*Your assignment*. Your answer must be the lines from the one containing "Logitech Rugged Folio" through the last line below, copied exactly, with no pictures.
________________________
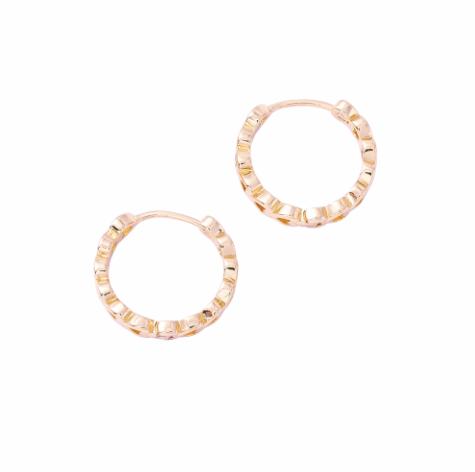 Sophie Heart Filigree Huggie Hoop Earrings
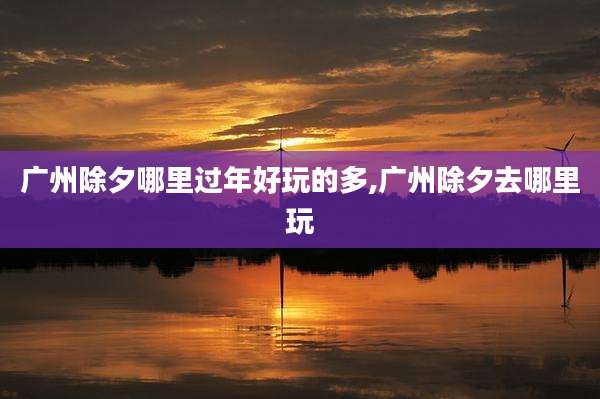 广州除夕哪里过年好玩的多,广州除夕去哪里玩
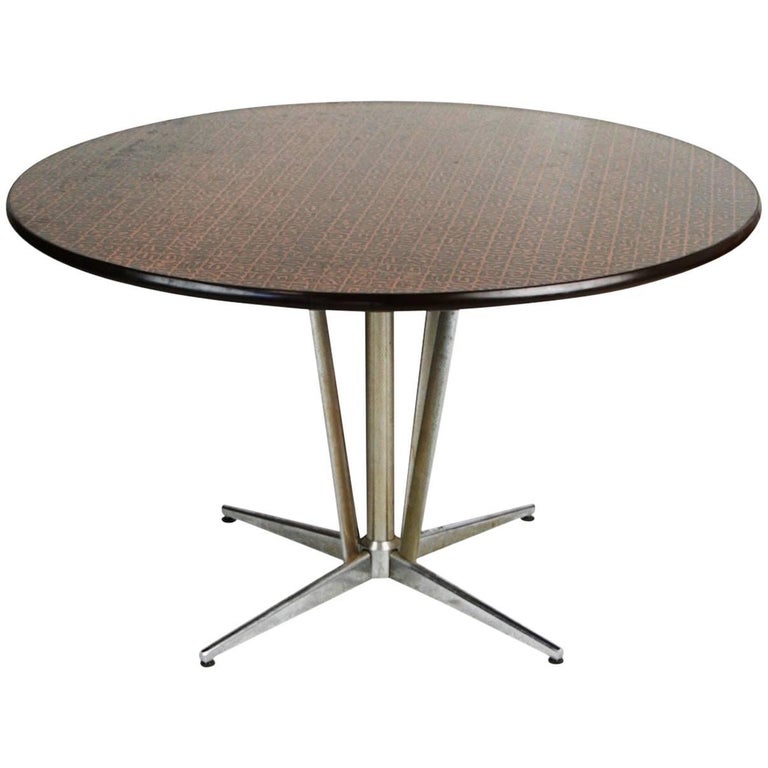 Brutalist Hand Hammered Copper Top Circular Dining Table Circa 1960 At 1stdibs Brutalist Hand Hammered Copper Top, Round Copper Table Set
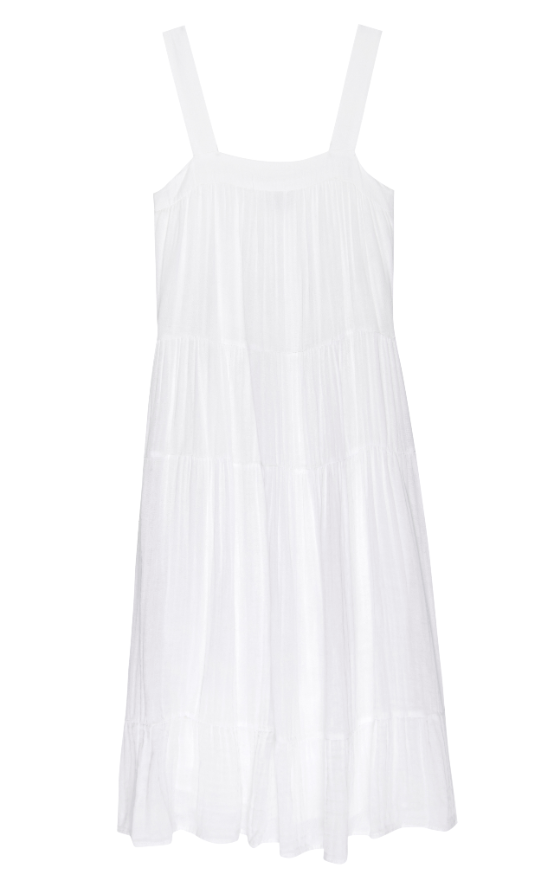 Amaya Bright White Tank Dress - flat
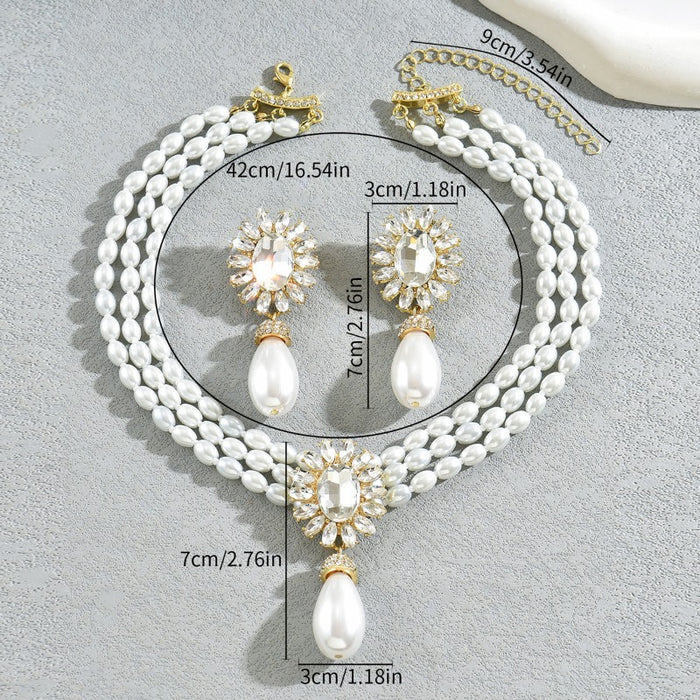 Wholesale Geometric Light Luxury Pearl Necklace Earring Set JDC-NE-Bais001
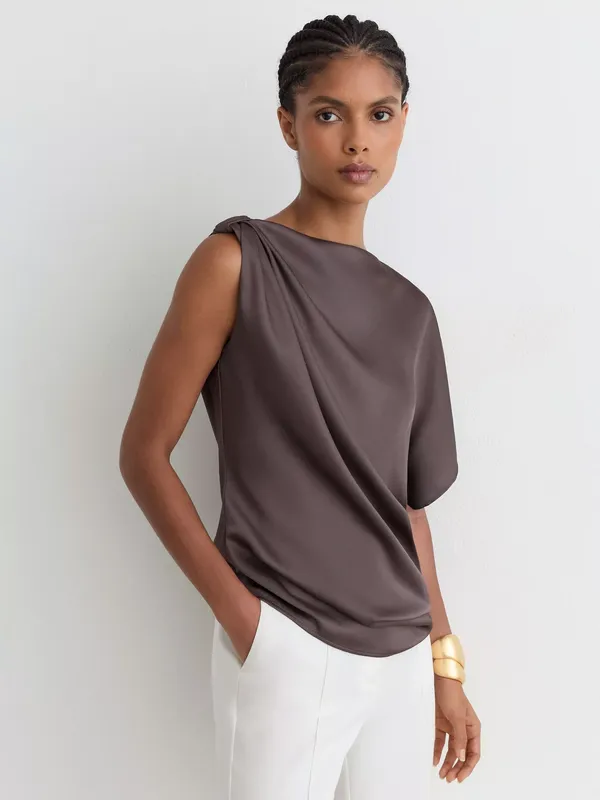 Reiss Kezia Satin Draped One Shoulder Top, Mauve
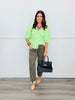 Cool Mint Puff Sleeve Button Up Cardigan (Reg.)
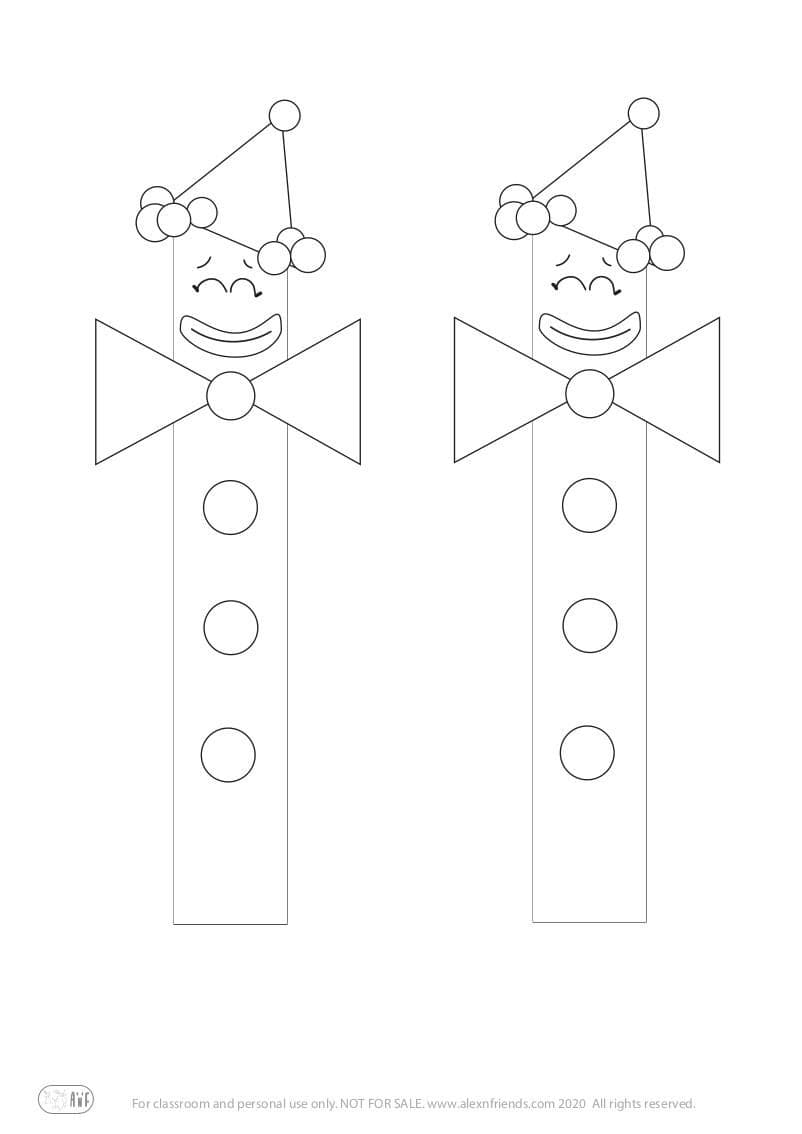 Δωρεάν εκτυπώσιμη χειροτεχνία για τις Απόκριες για παιδιά. Μαυρόασπροι χαρούμενοι κλόουν. 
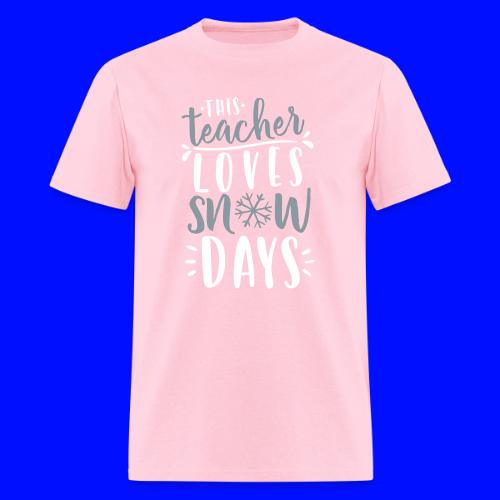 This Teacher Loves Snow Days Funny Winter Teacher - Men's T-Shirt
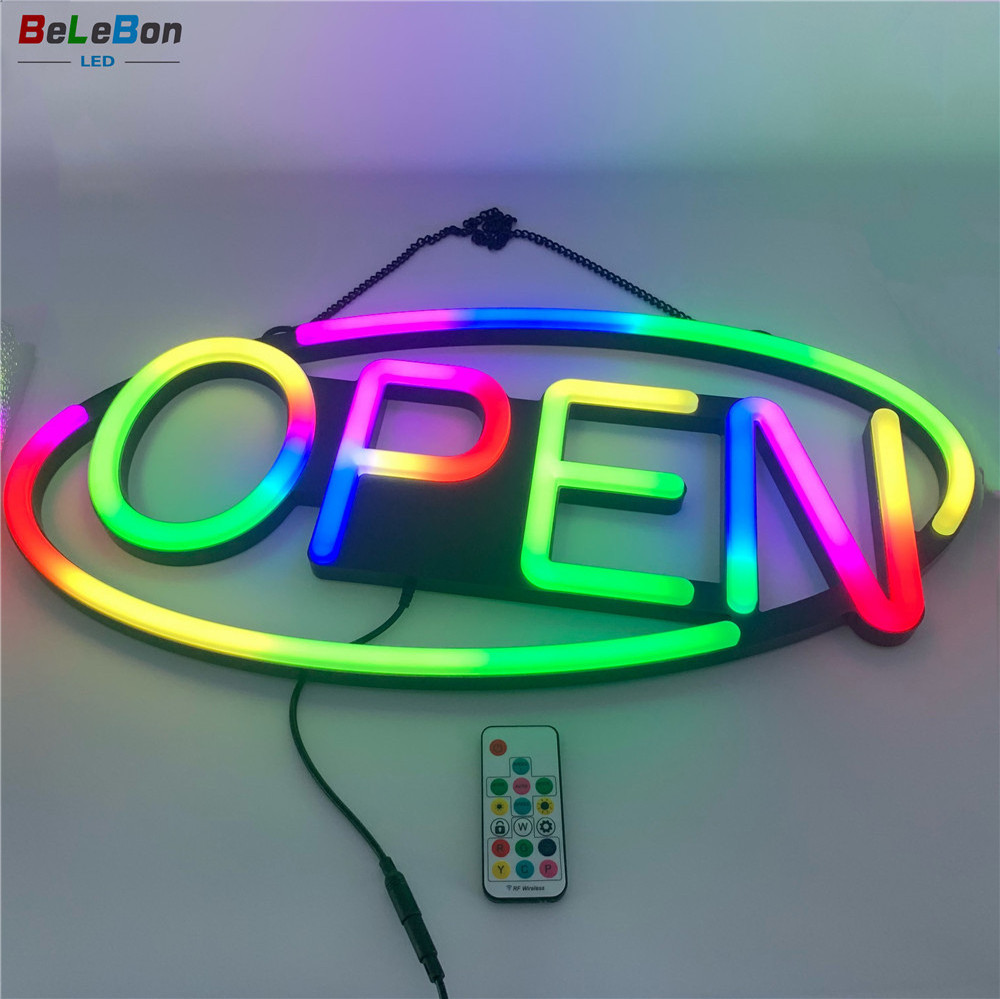 2020 Manufacturer Hot Selling LED Advertising Business Signs Cafe Bars Bar Nails Salon Christmas Store Letter Oval Open Sign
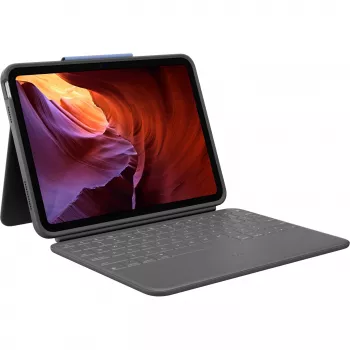 Logitech Rugged Folio com Teclado QWERTY US International para Apple iPad de 10.ª Geração (A2696) - Grafite, Proteção contra Quedas MIL-STD-810G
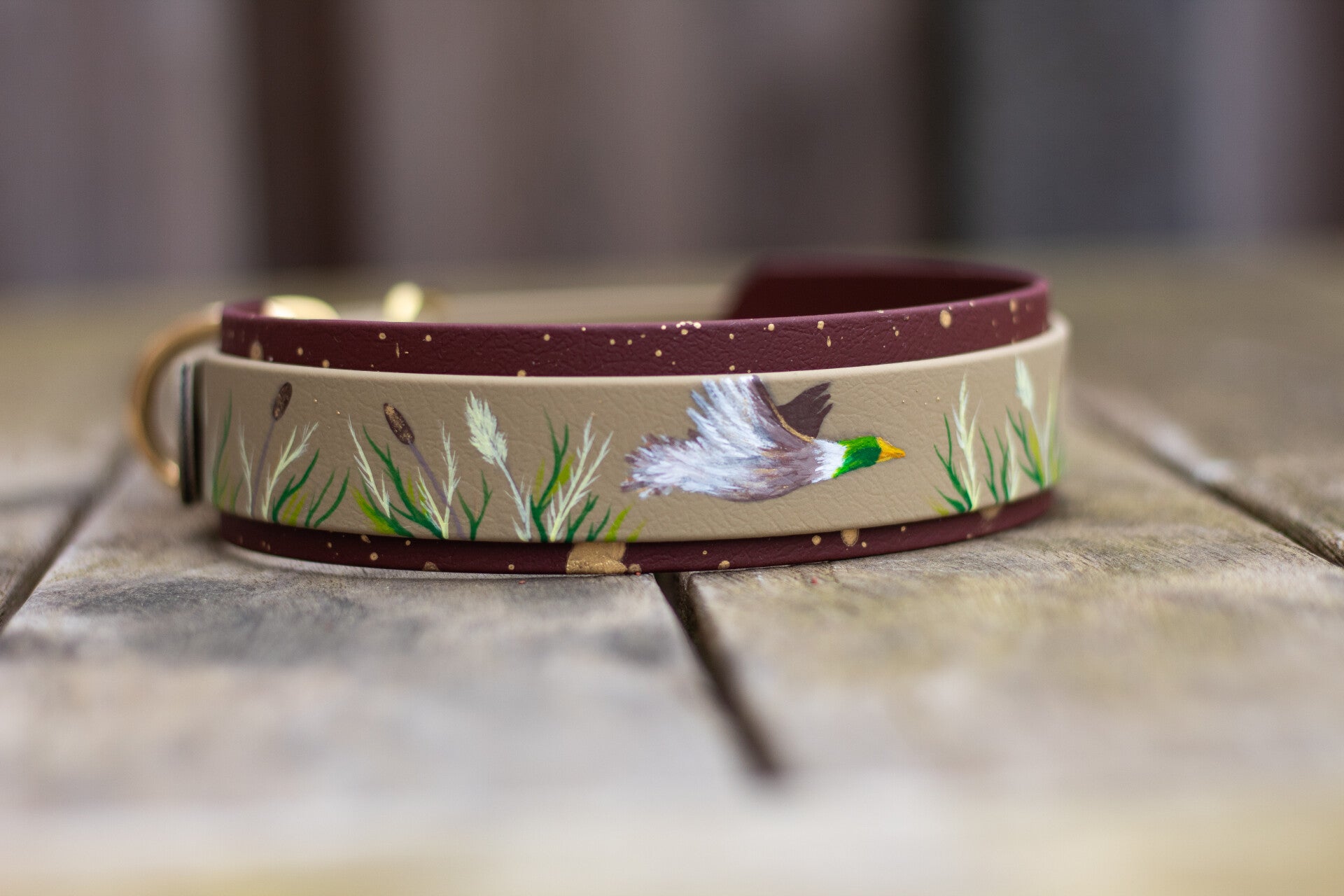 Hand painted double layered Duck Biothane collar - 38mm wide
________________________
*Task solution*.
 Logitech Rugged Folio com Teclado QWERTY US International para Apple iPad de 10.ª Geração (A2696) - Grafite, Proteção contra Quedas MIL-STD-810G
 Hand painted double layered Duck Biothane collar - 38mm wide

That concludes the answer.